After some work, we can get a discrete time model, which looks something like the following:
$$ P(t_{n+1}) = P(t_n)\left( 1 + r\left( 1- \frac{P(t_n)}{K}\right) \right),$$
where $P(t_n)$ is the rabbit population at the $n$-th timestep (i.e. at the beginning of month $n$), $r$ is some measure of intrinsic growth (essentially, how many baby rabbits every rabbit would have if the environment did not constrain the growth of the rabbit population), and $K$ is the carrying capacity of the environment (i.e. the maximum sustainable population size).
This model can be simulated pretty quickly with a spreadsheet. I typically don't introduce this example until the second semester of calculus, when we talk (briefly) about differential equations. But I do think that this would be doable in a first lecture on limits, and I think it pings some intuition (sequential limits are more intuitive than continuous limits, I think).
As an added bonus, you can tweak the parameters to see different kinds of behaviour in one model.

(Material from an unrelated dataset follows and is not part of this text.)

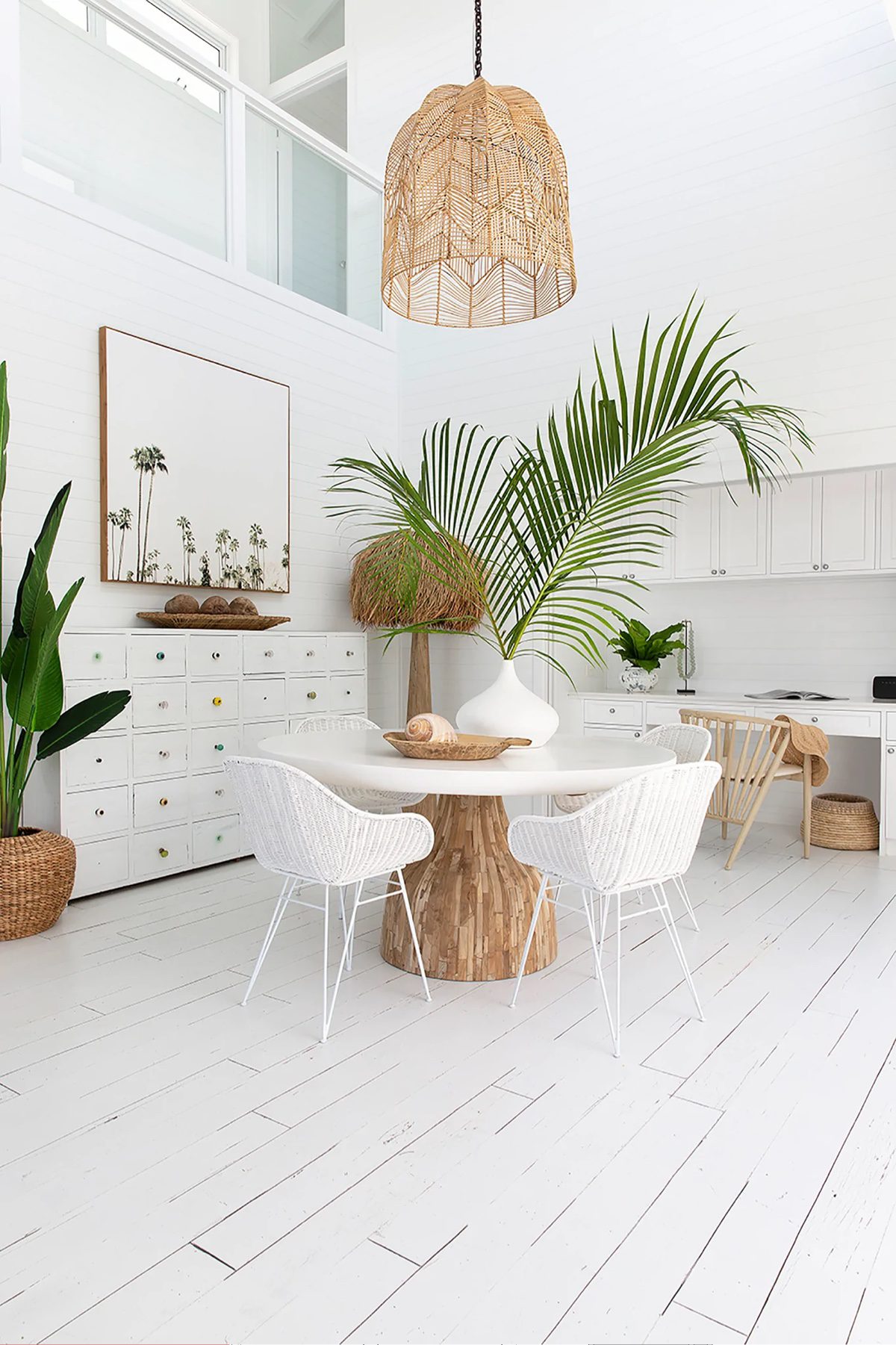 τραπεζαρία σε στυλ boho με έπιπλα από ακατέργαστο ξύλο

For example, take $K=1000$ (I'll keep that constant), start with $10$ rabbits, and suppose that the intrinsic growth rate is $r=0.1$. Then the population increases monotonically to the carrying capacity:

On the other hand, if $r = 1.96$, we can start with an initial population of $900$ or so, and the population will ping-pong back and forth across the carrying capacity, but eventually die down to a limit:

In both of these cases, we can see a sequence which has a limit, but the limit is approached differently. Once sequence is monotonic, while the other oscillates, but damps down. Make $r$ a bit bigger (say, $r=2.2$), and you get something really interesting:

In this case, the sequence does not have a limit, but it does oscillate between two different values (more or less). So the limit does not exist, but it fails to exist in an interesting way. And then you can see something really crazy by increasing the intrinsic growth rate to something like $r = 2.8$:

In this case, the behaviour of the system is chaotic. Again, the limit fails to exist, but we get to see something interesting happen.
And, if you really want, you can also just give them the function which models continuous logistic growth:
$$ P(t) = \frac{K P(0)}{P(0) + (K-P(0))\mathrm{e}^{-rt}}. $$
This is a limit which can be computed by hand, but one can also graph the behaviour of the function and see how it behaves, e.g. using GeoGebra.